Cue the surf music
I am so glad Idid not try to extend my district by district analysis to the entire country. I would have ended up looking like a fool (sloth has its benefits). As it is, I remain as I was: a mildly annoying ignorant twit.
What was really surprising was that the public opinion polls were right.
In recent years, projections based on the results of public opinion polls have consistently underestimated Democratic Party performance on election day. A number of unscientific theories had been advanced for the decay in the reliability of the opinion polls, the most famous of which being that "the increased used of mobile telephones by the young had made it impossible for randomized telephone dialing to tap into the mood of this part of the electorate."
My own pet view has been that in two-income homes, no one iss around or has any time to answer the damn phone.

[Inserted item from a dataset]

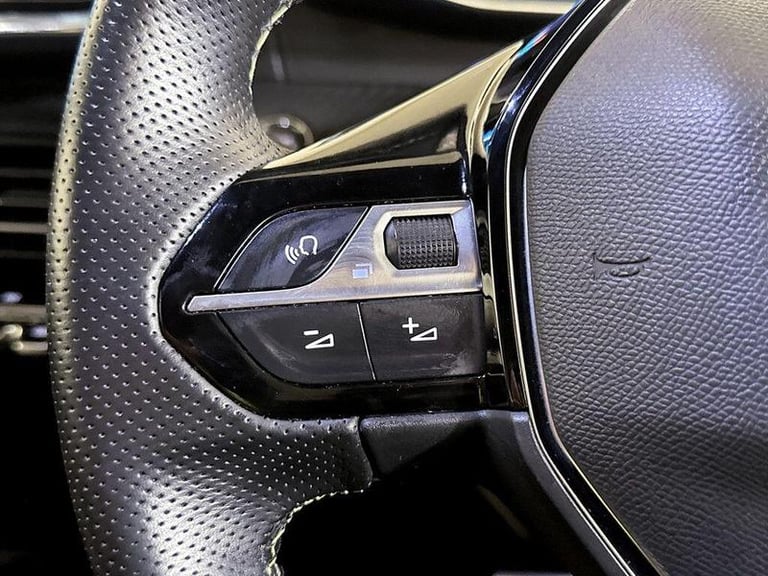 2021 Peugeot 208 100kW GT 50kWh 5dr Auto HATCHBACK ELECTRIC Automatic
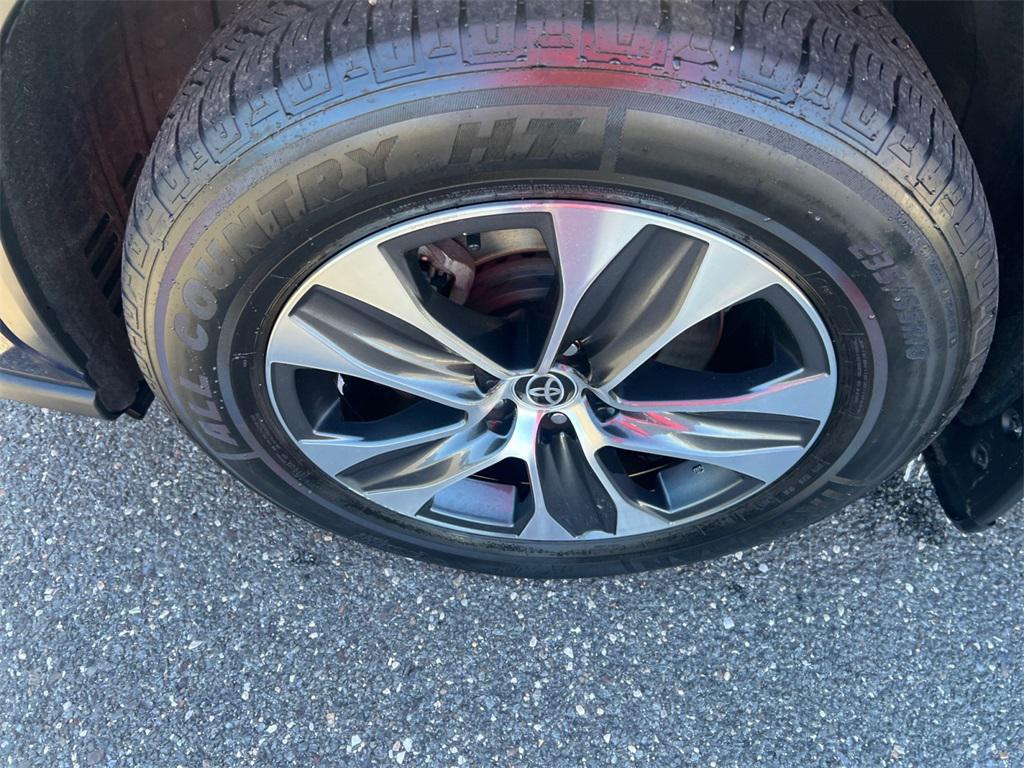 used 2022 Toyota Highlander car, priced at $27,798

Two days prior to election day, theLDP central party headquarters warned its local organizations to look away from the gaudy poll projections in the newspapers, faxing the local branches photocopies of Mainichi Shimbun front pages from 2003 that predicted an outright LDP victory--quite the opposite of the spanking actually delivered by the electorate that year.
This time around public opinion polls accurately reflected the eventual relative performances of the two parties, at least in proportional seat terms.
The problem for pundits now is that they have to come up with a whole new set of unscientific theories to explain why the poll were right.
As to the specific projections of the total seats the LDP would win...let us just say that a whole bunch of folks at the Sankei Shimbun are feeling pretty smug right now.
Uh oh, Kanto!
The really stunning images for political junkies were the "Before" and "After" maps of the Kanto region. What was once a red heart surrounded by a speckled band of red and green became a sweeping green plain with a few tiny desultory poppies stuck on it for variety’s sake.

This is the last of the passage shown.